Yes, but discussing about topics such as race preferences can bring out different kind of issues and is something that some posters might not be receptive to. Wars between different posters might happen because of it so I don't think that's suitable for SAS. There are different forums that might be more open to discussing race preferences.


----------



## steelmyhead (May 31, 2009)

D11 said:


> ^Hmmm, well are the 'I am a Man, I am a Woman' white? How can you tell?
> I think the poll is poorly worded and assuming the only people voting are white. I could be wrong but that's how I read it.
> BTW, I didn't vote.


Why didn't you quote me directly :cry Is it because I'm an asian male?


----------



## SilentWitness (Dec 27, 2009)

steelmyhead said:


> Why didn't you quote me directly :cry Is it because I'm an asian male?


I used ^ to respond to your post instead of quoting, lol. Sorry.


----------



## SociallyBroken (Oct 3, 2010)

LALoner said:


> 2b for mod!


:roll That was really sweet .


----------



## heroin (Dec 10, 2010)

This thread is fine. It's better that we talk about things rather than sweep them under the carpet.

I am asian myself, although not the kind of asian you're thinking of.

And yes, I'd date a black woman.


----------



## heroin (Dec 10, 2010)

Live Laugh Love said:


> This might have been questioned before but why choose Asians and Blacks?





vicente said:


> I think this is an important question to ask because these are the two groups that have the most trouble in the straight dating world.


...


----------



## i just want luv (Feb 13, 2011)

I dont discriminate.
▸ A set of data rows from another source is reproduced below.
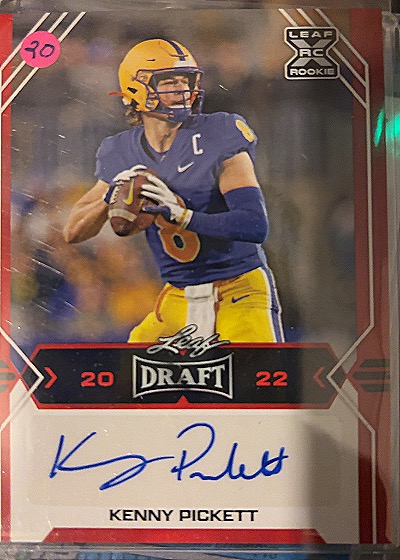 2022 Leaf Draft #BA-KP1 Kenny Pickett — front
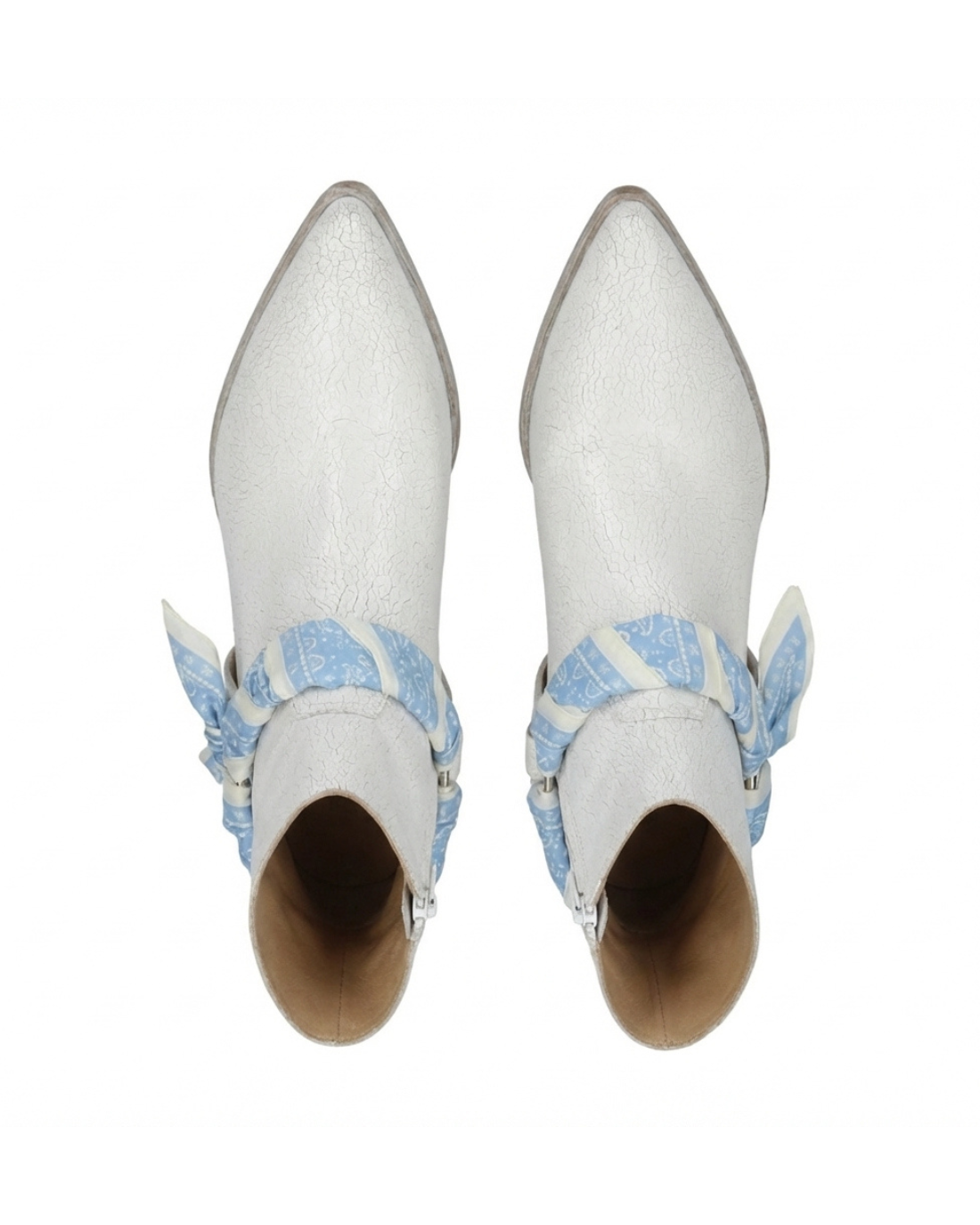 E4920 Boots Crack White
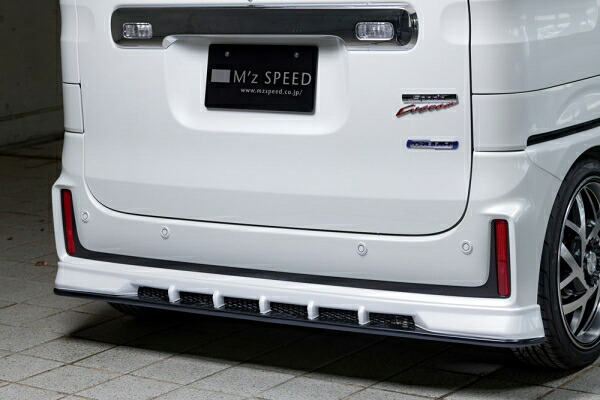 エムズスピード (ゼウス) スペーシア カスタム MK53SGRACE LINE リアアンダースポイラー(NA/2WD)MZ81付属 塗分け塗装済 ピュアホワイトパール/ブルーイッシュブラックパール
I appreciate.


----------



## UltraShy (Nov 8, 2003)

White guy only interested in white women.


----------



## Duke of Prunes (Jul 20, 2009)

steelmyhead said:


> To all those offended, why is it offending, and who is it offending?


The P.C. brigade.

"OMGZ you're not allowed to discuss race lolol we should accept all races but you can't discuss it!!!111eleven"


----------



## Cyrus (Oct 25, 2009)

Sure. I naturally go for white women though but maybe that's just a culture thing that goes for most people in all races. But if a black woman came along who I got with then It's all good in the hood.


----------



## estse (Nov 18, 2003)

I'm white and I'm more attracted to people of other races. White women are beautiful too. Women are beautiful.


----------



## amene (Mar 28, 2010)

I'm kinda sick of theses race polls..like who cares. Not all asian, black people etc look the same..so how can we generalize all of them to be one. I really wish race did not matter. Most people are mixed anyway..Can we move the **** on already...

I go for who ever and don't look at them because of the race or whatever but the way they carry themselves. That's what everyone should care about.


----------



## Scrub-Zero (Feb 9, 2004)

UltraShy said:


> White guy only interested in white women.


Same here. I generally prefer white girls, though i went on dates with different races and wish it would have worked out with a few of them. I had this huge crush on an indian(india) woman. She was just the greatest woman. But she preferred her own race...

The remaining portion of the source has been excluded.